Referenda 1 - la Grèce

Oui, normalement, le pluriel de « referendum » est « referenda ».

C'est qu'il est beaucoup question de référendums ces derniers temps. D'abord, il y a eu l'annonce, saluée par les capitales européennes, du référendum en Grande-Bretagne. Là, pas de problème, on est entre gens du même monde. Ça se passera bien. Mais, qu'un petit État, autrefois célèbre pour son passé tout autant prestigieux que lointain et aujourd'hui, sur le devant de la scène pour cause de dettes, prétende organiser un référendum chez lui, là ça ne passe pas.

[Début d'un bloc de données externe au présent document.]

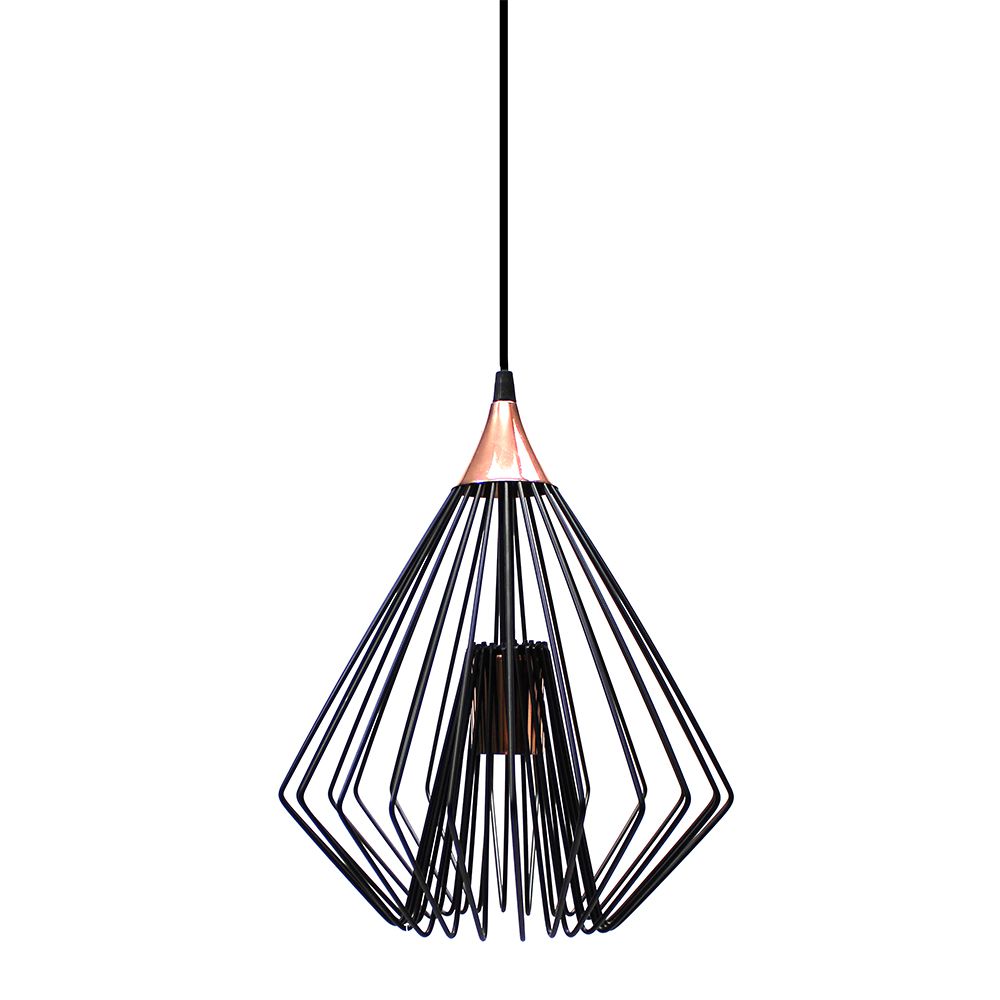 LAMPARA COLGAR TIPO DIAMANTE NEGRO METAL SF-712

Il est tout de même époustouflant que, l'annonce de la consultation du peuple souverain – principe fondateur de la démocratie dont c'est l'étymologie grecque – ait provoqué la rupture des pourparlers entre la Grèce et ses interlocuteurs institutionnels. D'habitude, quand on part on claquant la porte, c'est qu'il y a eu échange d'insultes, provocation ou mise en péril de l'intégrité du partant. Là, c'est l'annonce du recours à un référendum qui a provoqué la rupture. Insensé !

Ne revenons pas sur les causes de la crise grecque. Elles sont connues. Remarquons simplement que, comme le dit le slogan, si la Grèce était une banque, il y a belle lurette qu'on se serait précipité pour effacer l'ardoise et lui resservir une louchée de crédits.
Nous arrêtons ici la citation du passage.